Do you need bigger machines, or perhaps can live with smaller ones? CloudWatch metrics can show you how much IO, memory, and CPU are used over time. You can use provisioned IOPS with EC2 or RDS instances to improve performance (at a cost) as needed, and use difference size instances for more memory or CPU.
All this AWS setup and configuration can be done with the AWS web console, or command-line tools, or SDKs available in many languages (Python's boto library is great). After learning the basics, look into CloudFormation to automate it better (I've written a couple of posts about that so far).
That's a bit of the 10,000 foot high view of one approach. You'll need to discover the details of each AWS service when you try to use them. AWS has good documentation about all of them.
Depending on how you look at it, this is more of a comment than it is an answer, but it was too long to write as a comment.
What you're asking for really can't be answered on SO--it's a huge, complex question. You're basically asking is "How to I design a highly-scalable, durable application that can be deployed on a cloud-based platform?" The answer depends largely on:
The specifics of your application--what does it do and how does it work?

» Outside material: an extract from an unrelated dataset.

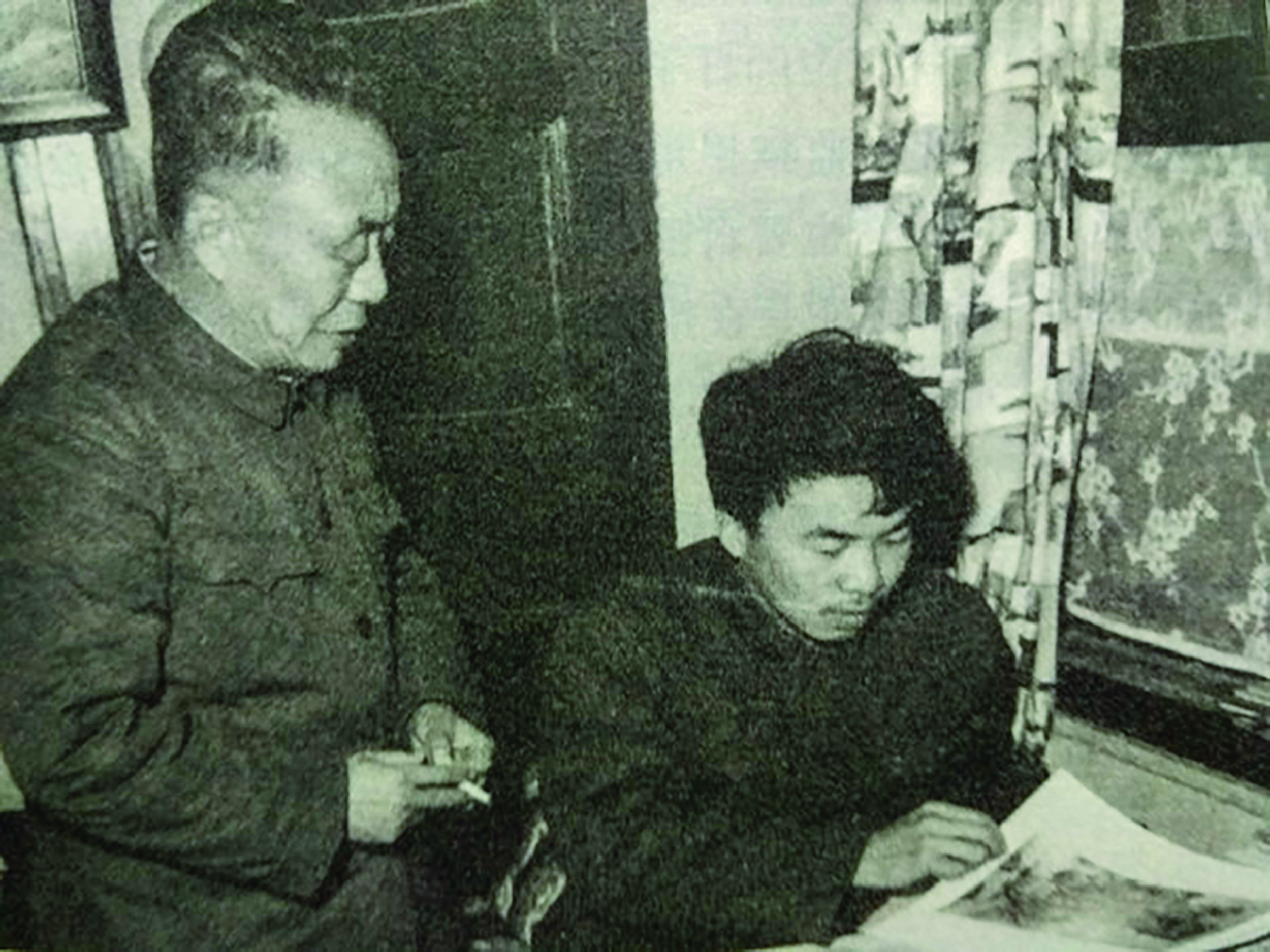 Ай Цин и Ай Вэйвэй дома, квартал Донгченг, Пекин, 1980 г. (c) Archives Ai Weiwei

Your tolerance for downtime balanced against your budget
Your present development and deployment workflow
The resources/skill sets you have on-staff to support the application
What your launch time frame looks like.
I run a software consulting company that specializes in consulting on Amazon Web Services architecture. About 80% of our business is investigating and answering these questions for our clients. It's a multi-week long project each time.
However, to get you pointed in the right direction, I'd recommend that you look at Elastic Beanstalk. It's a PaaS-like service that abstracts away the underlying AWS resources, making AWS easier to use for developers who don't have a lot of sysadmin experience. Think of it as "training wheels" for designing an autoscaling application on AWS.